Das Fazit des zweiten Bandes bietet im Gegensatz zum vorausgegangen neben einem Resümee keine erneute Einordnung in die Forschungsgeschichte, sondern einen Ausblick auf die kommenden Bände, die sich mit dem Heilsgeschehen auf der personalen Ebene, das heißt den Engeln, Dämonen und Menschen, und den aus den heilsgeschichtlichen Vorstellungen hervorgehenden konkreten Aspekten wie Buße und Sünde, Heilige und Wunder, Tod und Jenseits beschäftigen werden.

Die Kritik, dass einiges hätte ergänzt oder präzisiert werden können, aber vor allem, dass deutlicher nach Raum, Zeit und Autor hätte differenziert werden müssen, gibt der Autor mit dem berechtigten Hinweis auf die Komplexität des Themas selber zu bedenken. Gerade in Bezug auf die Historisierung des Religiösen und der Theologie werden diese Schärfungen in kommenden Studien fruchtbar sein. In Bezug hierauf bringen die umsichtigen Interpretationen jedoch gegen die ältere Forschung die Einsicht, dass dem Frühmittelalter für die Entwicklung theologischer Konzepte und dem spezifisch mittelalterlichen Weltbild zentrale Relevanz zukommt. Dadurch lässt sich die frühmittelalterliche Religiosität und Theologie nicht mehr in der bisherigen Weise von der „Renaissance des 12. Jahrhunderts“ abgrenzen, vielmehr wird man den Wandel des 12. Jahrhunderts stärker als eine Veränderung der Methoden, vor allem hin zu einer Systematisierung und einer Intensivierung der Diskussion verschiedener bereits im theologisch-religiösen Diskurs befindlicher Aspekte, aufzufassen haben.
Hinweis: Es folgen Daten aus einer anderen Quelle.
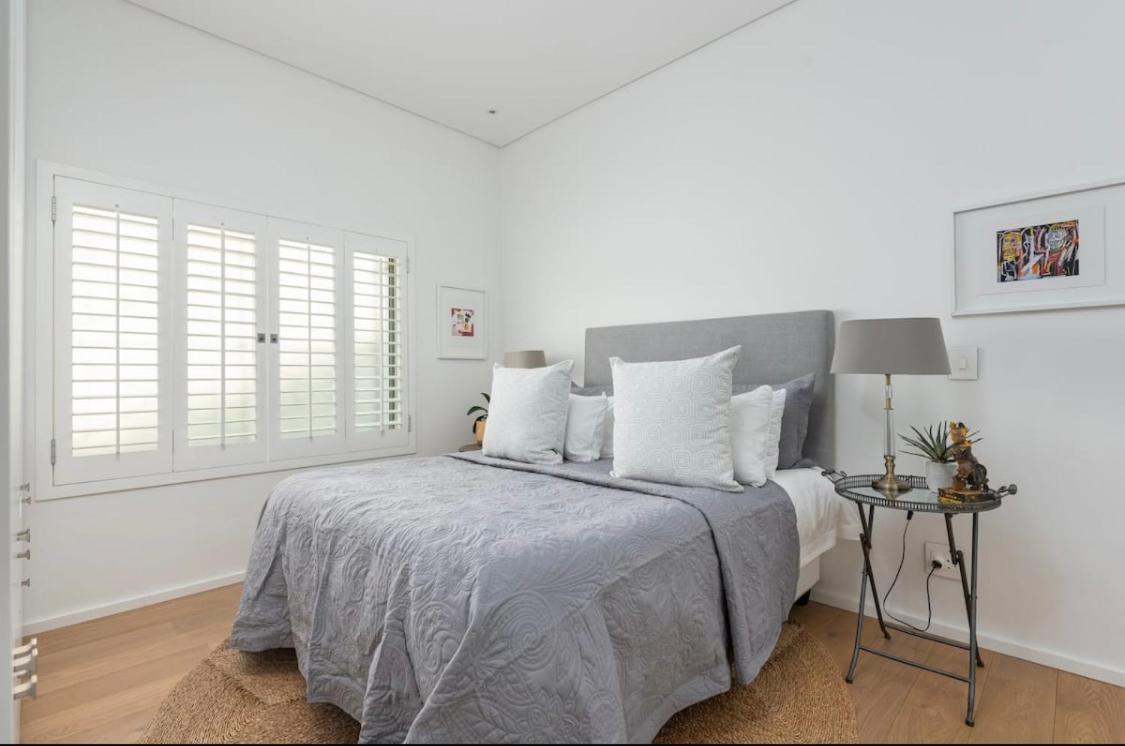Belarus Apartman Nairobi Kültér fotó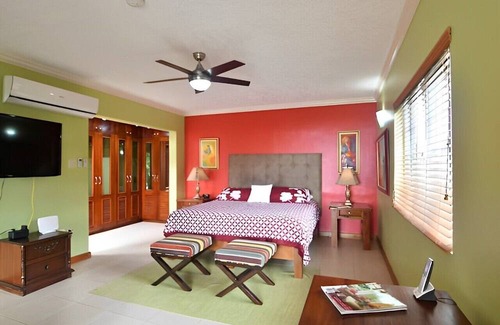 August Town Cabin | Rustic Romantic Retreat in the Mountain - 1 Bedroom in Kingston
Hans-Werner Goetz‘ Studie lebt von der Anschaulichkeit im Detail und bereichert die Forschung um einen gelungenen, sehr gut strukturierten und grundlegenden Überblick über die religiöse Vorstellungswelt des Mittelalters, der auf künftige Untersuchungen zur Religiosität im Mittelalter sowie zum Weltbild des Mittelalters zweifellos anregend ausstrahlen wird. Man darf also gespannt bleiben, was die angekündigten weiteren zwei Bände der Reihe an neuen Erkenntnissen bringen werden.